The first book-length biography of Richard Oakes, a Red Power activist of the 1960s who was a leader in the Alcatraz takeover and the Indigenous rights movement
“A powerful contribution to our understanding of Native American sovereignty, community, human rights, and identity.”—Sarah Eppler Janda, American Historical Review
"The nonfiction complement to Tommy Orange’s best-selling novel There There. . . . An exemplary work that recovers an important period in modern California history and casts it in a new, richer light.”—Randall A. Lake, California History
A revealing portrait of Richard Oakes, the brilliant, charismatic Native American leader who was instrumental in the takeovers of Alcatraz, Fort Lawton, and Pit River and whose assassination in 1972 galvanized the Trail of Broken Treaties march on Washington, D.C. The life of this pivotal Akwesasne Mohawk activist is explored in an important new biography based on extensive archival research and interviews with key activists and family members.

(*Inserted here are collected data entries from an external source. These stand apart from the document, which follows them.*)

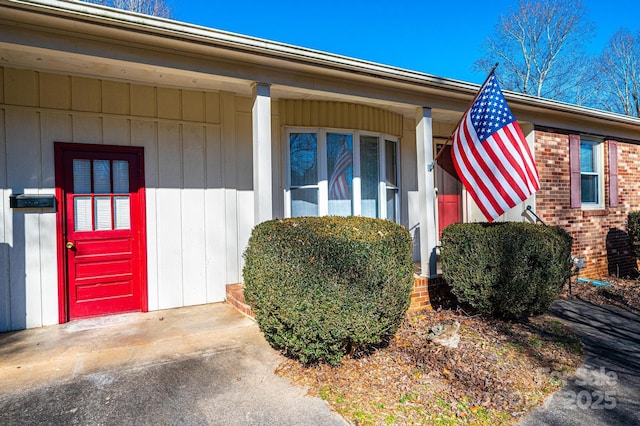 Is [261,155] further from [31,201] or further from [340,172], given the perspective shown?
[31,201]

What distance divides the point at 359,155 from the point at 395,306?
125 inches

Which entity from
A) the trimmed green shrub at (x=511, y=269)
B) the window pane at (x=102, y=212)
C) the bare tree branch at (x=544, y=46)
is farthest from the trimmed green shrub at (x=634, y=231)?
the bare tree branch at (x=544, y=46)

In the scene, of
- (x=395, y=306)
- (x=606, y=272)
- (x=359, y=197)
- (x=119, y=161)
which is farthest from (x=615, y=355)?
(x=119, y=161)

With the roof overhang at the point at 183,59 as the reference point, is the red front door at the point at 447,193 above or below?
below

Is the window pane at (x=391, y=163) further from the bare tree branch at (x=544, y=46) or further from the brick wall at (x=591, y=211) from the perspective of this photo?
the bare tree branch at (x=544, y=46)

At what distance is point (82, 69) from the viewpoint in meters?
4.31

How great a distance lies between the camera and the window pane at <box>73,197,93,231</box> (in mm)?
4551

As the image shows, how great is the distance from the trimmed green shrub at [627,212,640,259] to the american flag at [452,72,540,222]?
4965 millimetres

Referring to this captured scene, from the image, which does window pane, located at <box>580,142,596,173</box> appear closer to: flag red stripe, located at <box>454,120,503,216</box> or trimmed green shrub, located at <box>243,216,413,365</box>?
flag red stripe, located at <box>454,120,503,216</box>

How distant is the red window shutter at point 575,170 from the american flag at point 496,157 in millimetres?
3558

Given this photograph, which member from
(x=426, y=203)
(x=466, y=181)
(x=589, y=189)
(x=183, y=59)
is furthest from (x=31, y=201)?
(x=589, y=189)

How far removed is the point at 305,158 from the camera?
5.86 m

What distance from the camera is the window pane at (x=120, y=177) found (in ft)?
15.6

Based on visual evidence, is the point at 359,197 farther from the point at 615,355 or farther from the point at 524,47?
the point at 524,47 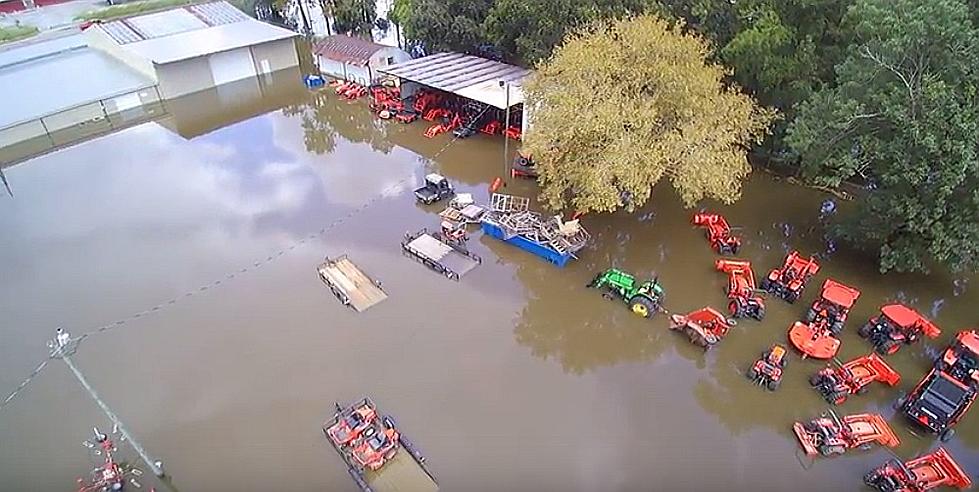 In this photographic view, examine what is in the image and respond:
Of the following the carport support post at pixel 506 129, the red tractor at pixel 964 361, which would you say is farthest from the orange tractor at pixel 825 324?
the carport support post at pixel 506 129

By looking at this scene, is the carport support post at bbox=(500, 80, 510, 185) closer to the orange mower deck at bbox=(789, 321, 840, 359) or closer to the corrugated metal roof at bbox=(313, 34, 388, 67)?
the corrugated metal roof at bbox=(313, 34, 388, 67)

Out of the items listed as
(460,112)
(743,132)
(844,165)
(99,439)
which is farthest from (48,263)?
(844,165)

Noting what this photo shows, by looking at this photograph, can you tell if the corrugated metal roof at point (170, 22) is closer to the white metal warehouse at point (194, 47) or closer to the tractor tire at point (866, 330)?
the white metal warehouse at point (194, 47)

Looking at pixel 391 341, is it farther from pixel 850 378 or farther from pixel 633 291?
pixel 850 378

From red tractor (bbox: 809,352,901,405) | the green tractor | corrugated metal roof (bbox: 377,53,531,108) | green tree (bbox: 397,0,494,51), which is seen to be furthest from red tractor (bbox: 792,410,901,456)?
green tree (bbox: 397,0,494,51)

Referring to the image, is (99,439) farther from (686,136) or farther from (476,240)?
(686,136)

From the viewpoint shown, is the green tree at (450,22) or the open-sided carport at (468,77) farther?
the green tree at (450,22) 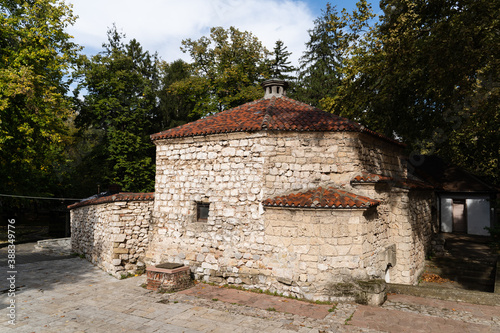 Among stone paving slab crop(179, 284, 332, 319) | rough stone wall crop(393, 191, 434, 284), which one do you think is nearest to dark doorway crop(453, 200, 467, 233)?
rough stone wall crop(393, 191, 434, 284)

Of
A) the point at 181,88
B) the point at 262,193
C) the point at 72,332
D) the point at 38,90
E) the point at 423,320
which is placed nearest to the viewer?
the point at 72,332

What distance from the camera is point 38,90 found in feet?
49.2

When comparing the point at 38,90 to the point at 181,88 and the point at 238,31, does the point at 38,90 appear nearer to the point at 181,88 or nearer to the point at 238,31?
the point at 181,88

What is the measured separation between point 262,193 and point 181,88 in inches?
654

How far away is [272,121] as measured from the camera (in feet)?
29.7

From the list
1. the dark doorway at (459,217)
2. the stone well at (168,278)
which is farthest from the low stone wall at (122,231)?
the dark doorway at (459,217)

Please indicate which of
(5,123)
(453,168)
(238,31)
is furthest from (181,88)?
(453,168)

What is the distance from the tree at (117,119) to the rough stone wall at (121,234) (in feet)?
35.6

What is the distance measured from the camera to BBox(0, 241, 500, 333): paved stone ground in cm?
638

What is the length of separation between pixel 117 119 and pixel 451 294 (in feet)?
69.2

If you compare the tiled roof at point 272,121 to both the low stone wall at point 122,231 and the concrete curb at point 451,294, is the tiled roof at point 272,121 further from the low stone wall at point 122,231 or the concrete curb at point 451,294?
the concrete curb at point 451,294

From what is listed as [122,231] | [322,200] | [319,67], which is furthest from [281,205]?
[319,67]

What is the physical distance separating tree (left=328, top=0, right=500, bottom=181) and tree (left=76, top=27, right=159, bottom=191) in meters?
14.2

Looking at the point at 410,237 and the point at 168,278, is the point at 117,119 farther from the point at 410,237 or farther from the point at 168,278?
the point at 410,237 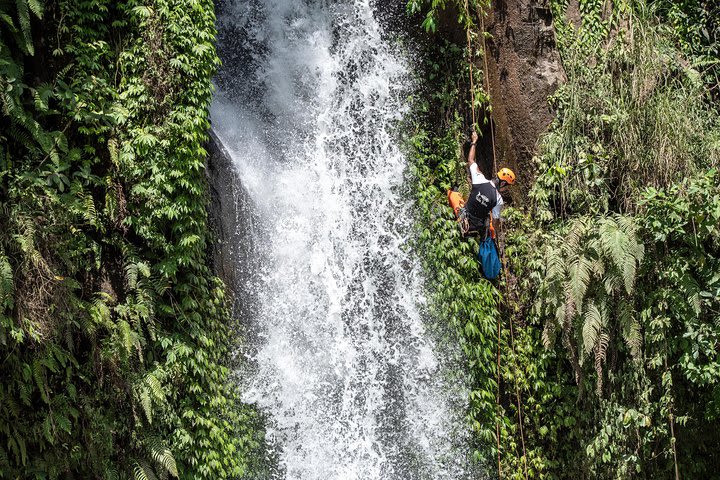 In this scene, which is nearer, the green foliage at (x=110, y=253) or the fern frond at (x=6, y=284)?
the fern frond at (x=6, y=284)

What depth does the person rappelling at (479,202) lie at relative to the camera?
966 cm

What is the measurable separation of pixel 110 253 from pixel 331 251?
8.87 feet

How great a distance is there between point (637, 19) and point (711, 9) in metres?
1.37

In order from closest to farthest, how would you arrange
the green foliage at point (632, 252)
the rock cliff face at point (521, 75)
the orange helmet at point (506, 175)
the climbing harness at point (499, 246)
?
the green foliage at point (632, 252) → the climbing harness at point (499, 246) → the orange helmet at point (506, 175) → the rock cliff face at point (521, 75)

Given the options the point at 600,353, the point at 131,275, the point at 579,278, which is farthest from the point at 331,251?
the point at 600,353

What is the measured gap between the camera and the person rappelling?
31.7ft

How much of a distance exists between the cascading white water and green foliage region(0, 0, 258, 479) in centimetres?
71

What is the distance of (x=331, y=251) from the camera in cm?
996

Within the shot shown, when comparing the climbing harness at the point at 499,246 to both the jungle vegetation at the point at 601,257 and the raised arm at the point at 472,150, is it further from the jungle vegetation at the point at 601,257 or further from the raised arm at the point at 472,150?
the raised arm at the point at 472,150

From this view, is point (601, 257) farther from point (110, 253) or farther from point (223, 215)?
point (110, 253)

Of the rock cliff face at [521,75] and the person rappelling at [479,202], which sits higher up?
the rock cliff face at [521,75]

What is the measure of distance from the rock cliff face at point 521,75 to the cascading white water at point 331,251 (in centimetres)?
125

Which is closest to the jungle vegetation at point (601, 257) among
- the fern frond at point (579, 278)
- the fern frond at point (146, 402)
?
the fern frond at point (579, 278)

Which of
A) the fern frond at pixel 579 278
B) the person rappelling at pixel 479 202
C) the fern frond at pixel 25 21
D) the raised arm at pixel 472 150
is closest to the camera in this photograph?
the fern frond at pixel 25 21
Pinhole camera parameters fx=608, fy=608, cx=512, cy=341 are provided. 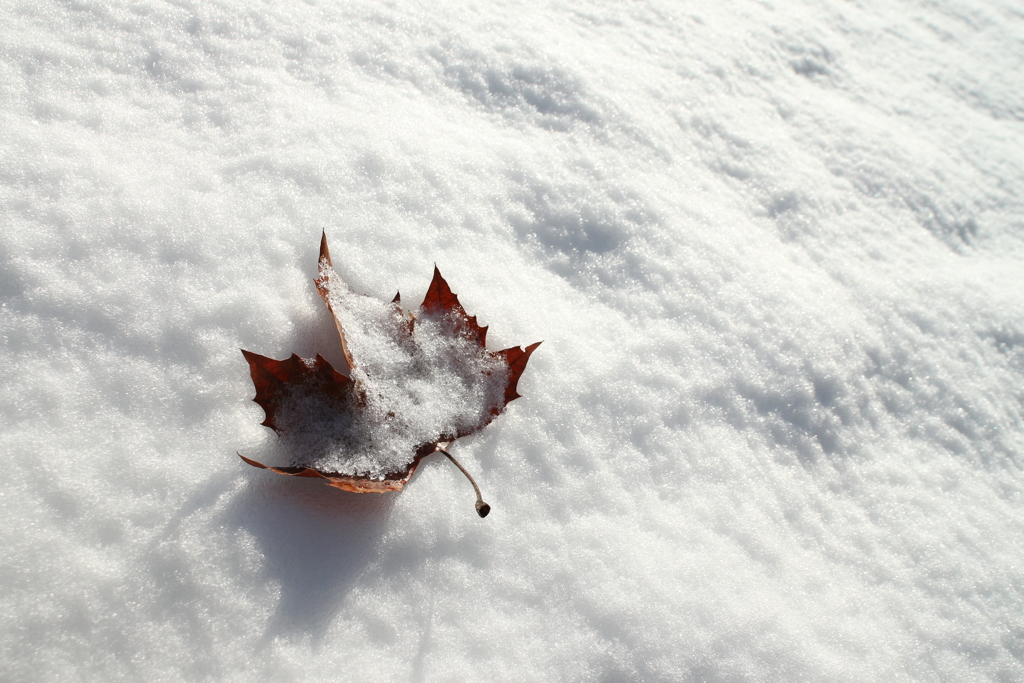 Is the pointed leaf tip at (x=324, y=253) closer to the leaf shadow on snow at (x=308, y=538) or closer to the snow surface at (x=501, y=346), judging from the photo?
the snow surface at (x=501, y=346)

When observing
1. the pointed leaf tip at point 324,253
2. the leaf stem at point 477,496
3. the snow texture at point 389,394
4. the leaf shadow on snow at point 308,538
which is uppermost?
the pointed leaf tip at point 324,253

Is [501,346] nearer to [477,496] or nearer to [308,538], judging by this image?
[477,496]

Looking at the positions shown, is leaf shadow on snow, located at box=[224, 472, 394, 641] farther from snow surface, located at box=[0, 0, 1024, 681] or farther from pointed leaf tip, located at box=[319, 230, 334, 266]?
pointed leaf tip, located at box=[319, 230, 334, 266]

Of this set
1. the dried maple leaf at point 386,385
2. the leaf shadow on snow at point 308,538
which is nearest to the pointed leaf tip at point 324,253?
the dried maple leaf at point 386,385

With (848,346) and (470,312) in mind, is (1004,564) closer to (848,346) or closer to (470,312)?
(848,346)

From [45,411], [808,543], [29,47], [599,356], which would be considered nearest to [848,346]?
[808,543]

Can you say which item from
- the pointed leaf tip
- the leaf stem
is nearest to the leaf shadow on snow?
the leaf stem

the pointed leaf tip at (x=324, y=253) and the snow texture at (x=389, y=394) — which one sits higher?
the pointed leaf tip at (x=324, y=253)

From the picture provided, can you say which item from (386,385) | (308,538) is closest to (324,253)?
(386,385) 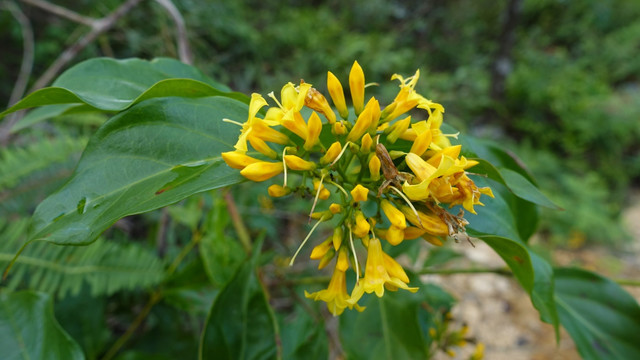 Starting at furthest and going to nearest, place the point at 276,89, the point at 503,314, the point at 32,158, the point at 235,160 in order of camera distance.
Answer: the point at 276,89, the point at 503,314, the point at 32,158, the point at 235,160

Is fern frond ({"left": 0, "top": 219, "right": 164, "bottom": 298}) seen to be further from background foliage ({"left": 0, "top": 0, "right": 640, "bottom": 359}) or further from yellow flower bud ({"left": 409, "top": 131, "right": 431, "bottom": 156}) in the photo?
yellow flower bud ({"left": 409, "top": 131, "right": 431, "bottom": 156})

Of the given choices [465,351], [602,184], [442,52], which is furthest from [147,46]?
[602,184]

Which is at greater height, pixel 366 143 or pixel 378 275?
pixel 366 143

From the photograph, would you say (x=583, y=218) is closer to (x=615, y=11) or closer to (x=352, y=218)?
(x=352, y=218)

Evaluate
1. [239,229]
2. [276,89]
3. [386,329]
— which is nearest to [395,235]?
[386,329]

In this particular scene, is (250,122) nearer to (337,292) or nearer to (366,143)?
(366,143) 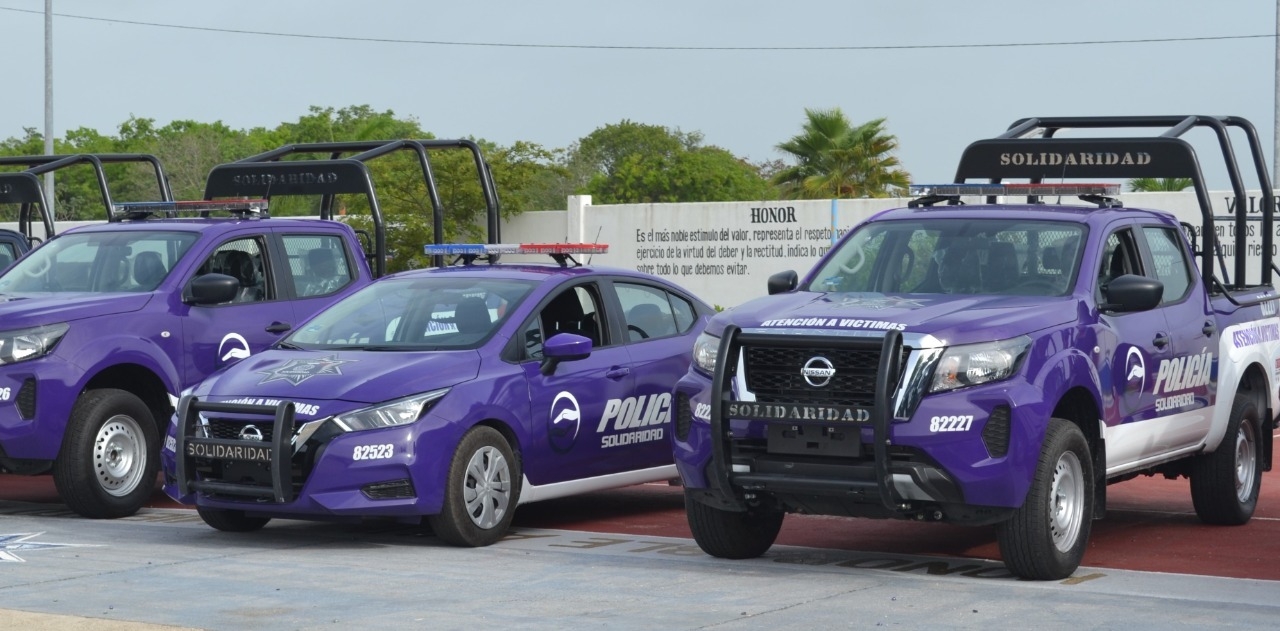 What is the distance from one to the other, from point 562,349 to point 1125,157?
4.19 metres

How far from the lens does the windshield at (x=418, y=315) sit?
10320mm

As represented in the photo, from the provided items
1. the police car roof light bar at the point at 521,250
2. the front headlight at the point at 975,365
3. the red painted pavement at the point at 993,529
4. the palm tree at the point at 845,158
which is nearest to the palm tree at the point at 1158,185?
the palm tree at the point at 845,158

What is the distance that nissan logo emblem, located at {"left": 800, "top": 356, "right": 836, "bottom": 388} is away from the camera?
27.2 feet

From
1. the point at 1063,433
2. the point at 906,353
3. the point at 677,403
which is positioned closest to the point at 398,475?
the point at 677,403

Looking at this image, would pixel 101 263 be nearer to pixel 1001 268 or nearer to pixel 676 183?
pixel 1001 268

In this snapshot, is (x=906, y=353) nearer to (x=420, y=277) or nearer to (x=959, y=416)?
(x=959, y=416)

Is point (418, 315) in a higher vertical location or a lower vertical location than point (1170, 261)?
lower

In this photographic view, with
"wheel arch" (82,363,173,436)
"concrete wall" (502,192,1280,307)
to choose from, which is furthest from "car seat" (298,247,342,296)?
"concrete wall" (502,192,1280,307)

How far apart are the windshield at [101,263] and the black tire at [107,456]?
2.98 ft

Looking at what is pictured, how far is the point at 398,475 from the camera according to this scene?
930cm

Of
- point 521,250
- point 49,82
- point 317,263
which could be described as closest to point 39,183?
point 317,263

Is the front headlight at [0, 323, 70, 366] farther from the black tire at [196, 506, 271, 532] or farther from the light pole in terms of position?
the light pole

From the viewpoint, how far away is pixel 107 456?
1116 centimetres

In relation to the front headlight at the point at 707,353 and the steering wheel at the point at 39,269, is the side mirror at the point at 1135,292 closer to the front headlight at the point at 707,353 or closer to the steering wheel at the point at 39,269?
the front headlight at the point at 707,353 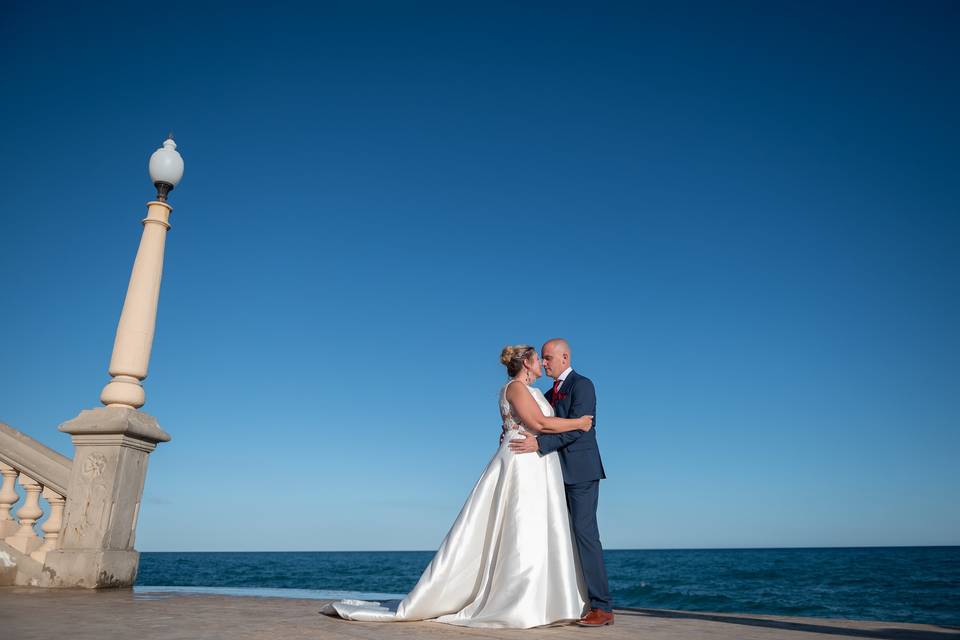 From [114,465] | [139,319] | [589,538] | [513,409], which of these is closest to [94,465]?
[114,465]

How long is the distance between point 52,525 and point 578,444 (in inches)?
219

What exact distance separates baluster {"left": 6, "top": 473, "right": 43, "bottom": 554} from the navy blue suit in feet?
17.8

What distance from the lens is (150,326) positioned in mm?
7336

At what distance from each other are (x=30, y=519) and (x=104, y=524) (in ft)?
3.10

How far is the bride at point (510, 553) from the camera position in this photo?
16.7ft

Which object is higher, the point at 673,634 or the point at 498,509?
the point at 498,509

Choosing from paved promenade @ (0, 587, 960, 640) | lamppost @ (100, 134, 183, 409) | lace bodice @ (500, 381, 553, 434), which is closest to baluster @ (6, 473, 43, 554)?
paved promenade @ (0, 587, 960, 640)

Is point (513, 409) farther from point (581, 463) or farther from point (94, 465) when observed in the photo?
point (94, 465)

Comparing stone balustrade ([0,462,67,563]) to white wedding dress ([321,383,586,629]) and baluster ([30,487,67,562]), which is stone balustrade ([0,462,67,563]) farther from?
white wedding dress ([321,383,586,629])

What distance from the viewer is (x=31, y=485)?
6.91 meters

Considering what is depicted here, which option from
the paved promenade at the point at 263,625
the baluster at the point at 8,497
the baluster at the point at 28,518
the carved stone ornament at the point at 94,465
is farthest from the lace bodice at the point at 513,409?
the baluster at the point at 8,497

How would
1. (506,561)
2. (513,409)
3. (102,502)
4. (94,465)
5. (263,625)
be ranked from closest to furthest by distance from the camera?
(263,625), (506,561), (513,409), (102,502), (94,465)

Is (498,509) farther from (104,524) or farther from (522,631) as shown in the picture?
(104,524)

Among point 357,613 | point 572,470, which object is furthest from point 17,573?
point 572,470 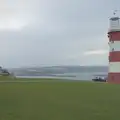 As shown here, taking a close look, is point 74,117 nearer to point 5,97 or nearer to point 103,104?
point 103,104

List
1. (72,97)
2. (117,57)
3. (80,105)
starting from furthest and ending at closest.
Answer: (117,57) → (72,97) → (80,105)

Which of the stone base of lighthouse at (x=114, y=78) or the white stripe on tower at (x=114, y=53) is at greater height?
the white stripe on tower at (x=114, y=53)

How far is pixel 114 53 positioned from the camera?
2294 cm

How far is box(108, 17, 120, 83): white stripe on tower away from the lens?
2270 centimetres

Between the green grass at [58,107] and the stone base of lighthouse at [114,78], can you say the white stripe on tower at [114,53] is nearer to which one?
the stone base of lighthouse at [114,78]

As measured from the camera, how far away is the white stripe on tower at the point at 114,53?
22.7 m

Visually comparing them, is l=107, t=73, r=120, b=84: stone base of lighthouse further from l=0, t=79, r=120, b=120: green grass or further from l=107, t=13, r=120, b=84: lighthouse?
l=0, t=79, r=120, b=120: green grass

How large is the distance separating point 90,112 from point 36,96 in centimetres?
288

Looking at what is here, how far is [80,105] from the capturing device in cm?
1056

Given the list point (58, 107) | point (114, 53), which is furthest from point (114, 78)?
point (58, 107)

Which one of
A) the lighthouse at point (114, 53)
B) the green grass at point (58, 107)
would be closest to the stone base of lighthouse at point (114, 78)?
the lighthouse at point (114, 53)

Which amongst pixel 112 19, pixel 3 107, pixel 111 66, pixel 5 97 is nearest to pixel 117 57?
pixel 111 66

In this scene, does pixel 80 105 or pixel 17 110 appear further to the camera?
pixel 80 105

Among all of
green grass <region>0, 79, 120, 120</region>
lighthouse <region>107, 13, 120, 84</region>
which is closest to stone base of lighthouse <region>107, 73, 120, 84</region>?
lighthouse <region>107, 13, 120, 84</region> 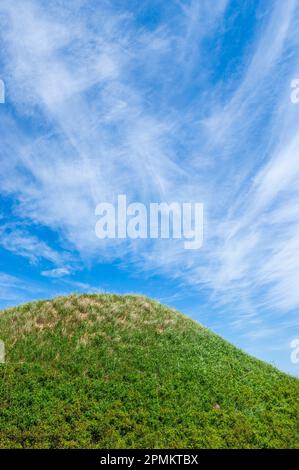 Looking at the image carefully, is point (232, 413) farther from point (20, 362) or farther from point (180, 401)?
point (20, 362)

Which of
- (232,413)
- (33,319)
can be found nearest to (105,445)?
(232,413)

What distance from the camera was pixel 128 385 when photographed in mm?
21062

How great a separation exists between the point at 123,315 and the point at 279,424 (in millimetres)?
13238

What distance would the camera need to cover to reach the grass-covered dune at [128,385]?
1756 centimetres

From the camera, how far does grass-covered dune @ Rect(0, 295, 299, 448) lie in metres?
17.6

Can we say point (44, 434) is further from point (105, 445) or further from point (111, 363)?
point (111, 363)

Historian Kent Blansett offers a transformative and new perspective on the Red Power movement of the turbulent 1960s and the dynamic figure who helped to organize and champion it, telling the full story of Oakes’s life, his fight for Native American self-determination, and his tragic, untimely death. This invaluable history chronicles the mid-twentieth-century rise of Intertribalism, Indian Cities, and a national political awakening that continues to shape Indigenous politics and activism to this day.